Trust me, the pebbles do not dry out fast. They are actually capable of holding a great amount of water, because they are not coated. The pebbles I use is fired clay, but the surface has not been fired. If you look at one pebble under a microscop you will see alot of small air pockets all over the pebble. That's why they hold on so much water.
As said I have tried using them in a smaller 3-7 size but they never dry out, it takes many days for them to dry even though if they are used alone. I'm using the small size for my small prebonsai. And the big size for my bigger prebonsai.
I have used the both sizes for many years together with akadama and pinebark. This time i'm using it together with spagnum moss.
There are of course better alternatives to pebbles, but they are hard to find in Denmark. If you have better alternatives, please let me know.

Cool, in that case could they be holding too much water, creating an over watering problem?
Too much or too little water is by and large the more common cause of these sort of leave problems. Especially on an Elm, as Elms can deal with wind and sun (unlike Maples).
 
Cool, in that case could they be holding too much water, creating an over watering problem?
Too much or too little water is by and large the more common cause of these sort of leave problems. Especially on an Elm, as Elms can deal with wind and sun (unlike Maples).
As mentioned (see post #3) the roots has been too wet for too long because of too much organic soil in the mix not because of the pebbles, combined with a very wet winter and spring. The roots hasn't been growing and because of that the roots can't support the leaves.
I know what the problem is, but I don't what to do.
 
Im afraid that does not explain it.
Being in too organic and having a lot of rain, means nothing. Trees planted in the ground are in all organic and it rains when it rains, that's not up for debate.. Mother nature does it best.

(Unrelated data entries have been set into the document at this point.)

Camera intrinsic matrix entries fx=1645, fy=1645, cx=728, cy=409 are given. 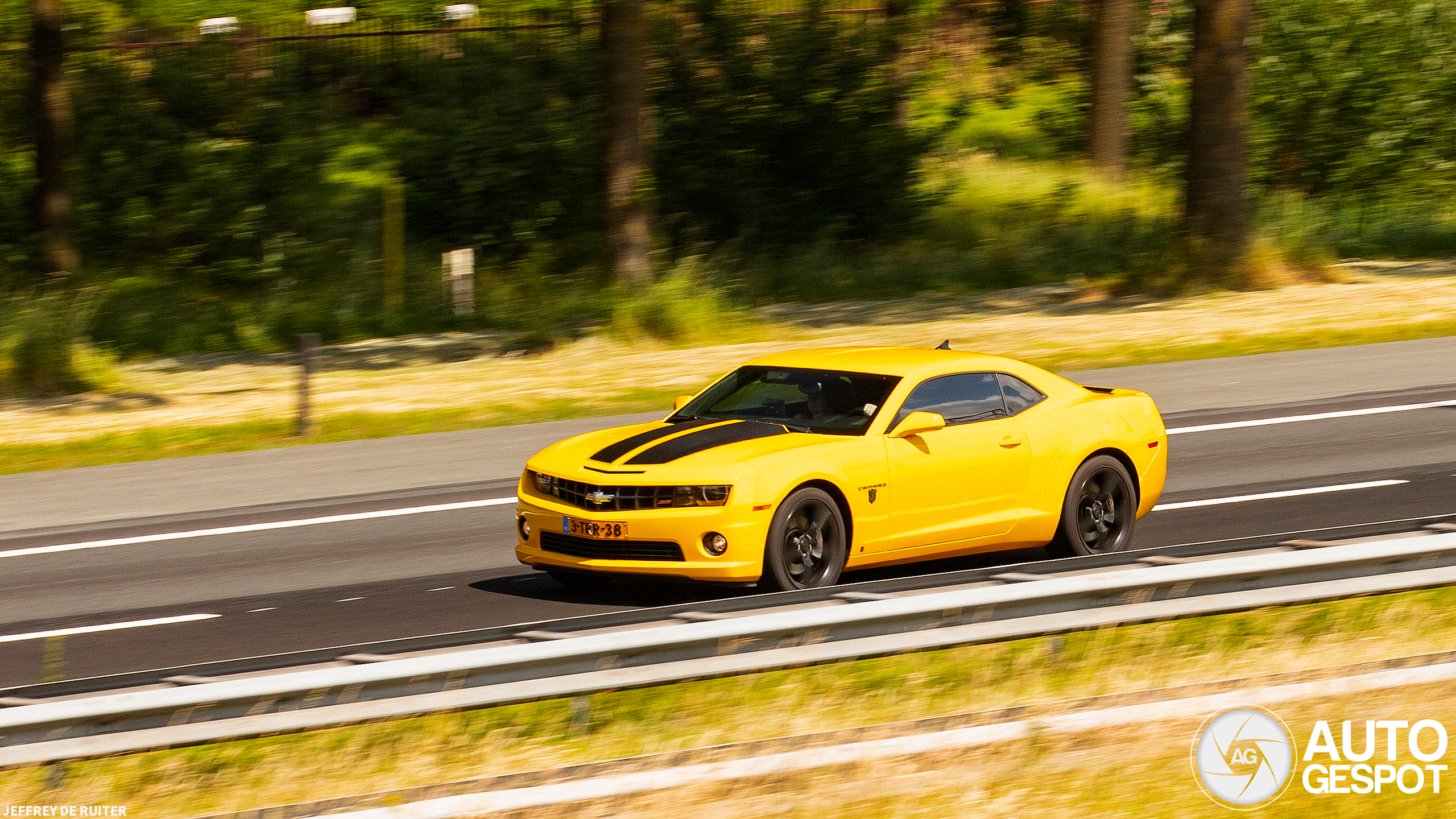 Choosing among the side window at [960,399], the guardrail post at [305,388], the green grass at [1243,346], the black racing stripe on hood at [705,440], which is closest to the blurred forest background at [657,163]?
the green grass at [1243,346]

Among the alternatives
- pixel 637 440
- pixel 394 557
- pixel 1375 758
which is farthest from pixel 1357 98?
pixel 1375 758

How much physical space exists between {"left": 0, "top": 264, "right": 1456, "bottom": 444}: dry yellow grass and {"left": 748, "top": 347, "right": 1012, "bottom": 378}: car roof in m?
7.22

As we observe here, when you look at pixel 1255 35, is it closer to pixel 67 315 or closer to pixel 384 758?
pixel 67 315

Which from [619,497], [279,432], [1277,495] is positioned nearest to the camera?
[619,497]

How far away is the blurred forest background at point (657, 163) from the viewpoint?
26.6 metres

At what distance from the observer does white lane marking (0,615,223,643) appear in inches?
357

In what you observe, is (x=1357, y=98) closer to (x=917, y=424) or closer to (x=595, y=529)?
(x=917, y=424)

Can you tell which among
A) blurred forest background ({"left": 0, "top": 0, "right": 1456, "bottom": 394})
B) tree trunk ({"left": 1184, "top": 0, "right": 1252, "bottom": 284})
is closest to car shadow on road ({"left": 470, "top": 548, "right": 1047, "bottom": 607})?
blurred forest background ({"left": 0, "top": 0, "right": 1456, "bottom": 394})

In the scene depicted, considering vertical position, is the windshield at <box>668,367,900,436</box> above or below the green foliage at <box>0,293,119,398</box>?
above

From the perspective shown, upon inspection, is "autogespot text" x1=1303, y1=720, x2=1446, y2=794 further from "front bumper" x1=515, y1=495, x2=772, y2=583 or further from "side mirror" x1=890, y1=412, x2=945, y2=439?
"side mirror" x1=890, y1=412, x2=945, y2=439

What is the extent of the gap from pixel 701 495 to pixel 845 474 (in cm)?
83

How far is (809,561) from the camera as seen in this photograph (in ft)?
28.6

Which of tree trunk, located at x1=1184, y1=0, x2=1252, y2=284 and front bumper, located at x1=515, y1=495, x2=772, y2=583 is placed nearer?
front bumper, located at x1=515, y1=495, x2=772, y2=583

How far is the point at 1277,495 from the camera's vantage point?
1202cm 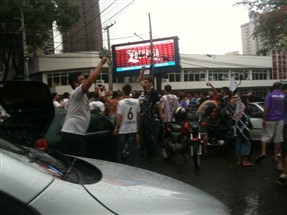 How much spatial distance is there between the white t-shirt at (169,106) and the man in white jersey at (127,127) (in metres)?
2.34

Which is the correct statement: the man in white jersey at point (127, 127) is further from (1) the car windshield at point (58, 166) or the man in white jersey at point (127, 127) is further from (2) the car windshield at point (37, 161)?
(2) the car windshield at point (37, 161)

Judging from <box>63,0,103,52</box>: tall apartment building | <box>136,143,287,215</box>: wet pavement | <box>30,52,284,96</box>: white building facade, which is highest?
<box>63,0,103,52</box>: tall apartment building

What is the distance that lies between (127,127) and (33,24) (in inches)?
1194

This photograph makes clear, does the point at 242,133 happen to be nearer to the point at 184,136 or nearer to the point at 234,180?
the point at 184,136

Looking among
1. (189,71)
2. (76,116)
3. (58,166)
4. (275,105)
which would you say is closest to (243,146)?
(275,105)

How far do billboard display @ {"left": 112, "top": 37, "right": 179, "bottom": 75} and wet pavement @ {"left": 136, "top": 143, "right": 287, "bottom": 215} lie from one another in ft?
94.0

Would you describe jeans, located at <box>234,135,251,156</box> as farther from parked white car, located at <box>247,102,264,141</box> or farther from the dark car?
the dark car

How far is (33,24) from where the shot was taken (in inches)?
1387

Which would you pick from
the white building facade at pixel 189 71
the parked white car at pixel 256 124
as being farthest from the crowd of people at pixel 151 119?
the white building facade at pixel 189 71

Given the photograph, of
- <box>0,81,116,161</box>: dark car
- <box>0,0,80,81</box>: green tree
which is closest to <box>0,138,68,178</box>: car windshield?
<box>0,81,116,161</box>: dark car

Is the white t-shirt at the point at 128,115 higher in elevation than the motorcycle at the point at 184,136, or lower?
higher

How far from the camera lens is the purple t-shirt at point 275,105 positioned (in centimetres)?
788

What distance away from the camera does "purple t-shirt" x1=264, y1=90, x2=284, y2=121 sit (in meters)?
7.88

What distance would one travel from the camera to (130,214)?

If you are confident in your substrate and watering habits now, then that's it, you are perfect, there's nothing more to do now, except allow time to get the tree healthy.
 
Im afraid that does not explain it.
Being in too organic and having a lot of rain, means nothing. Trees planted in the ground are in all organic and it rains when it rains, that's not up for debate.. Mother nature does it best.

If you are confident in your substrate and watering habits now, then that's it, you are perfect, there's nothing more to do now, except allow time to get the tree healthy.
Sorry but you can't compare trees in nature with trees in pots when it comes to soilmixes. Why do you think people use bonsaisoil instead of pure organic soil like in the nature?
If I used pure organic soil in my pots then the roots would rot in a couple of months I guarantee you that, that's what happened with my Elms. So please don't compare mother nature with having trees in pots wich has nothing to do with mother nature.
Ciao.
 
Sorry but you can't compare trees in nature with trees in pots when it comes to soilmixes. Why do you think people use bonsaisoil instead of pure organic soil like in the nature?
If I used pure organic soil in my pots then the roots would rot in a couple of months I guarantee you that, that's what happened with my Elms. So please don't compare mother nature with having trees in pots wich has nothing to do with mother nature.
Ciao.

Sure, ok dokie no worries.

You seem to have a confident handle on what’s right and wrong and what to do so I will leave you to it. Good luck, I hope the tree recovers from whatever issue it may have, speedily.
 
For roots to wet, for to long, put tree in oven at 450 for 2 hours per inch. No more problem!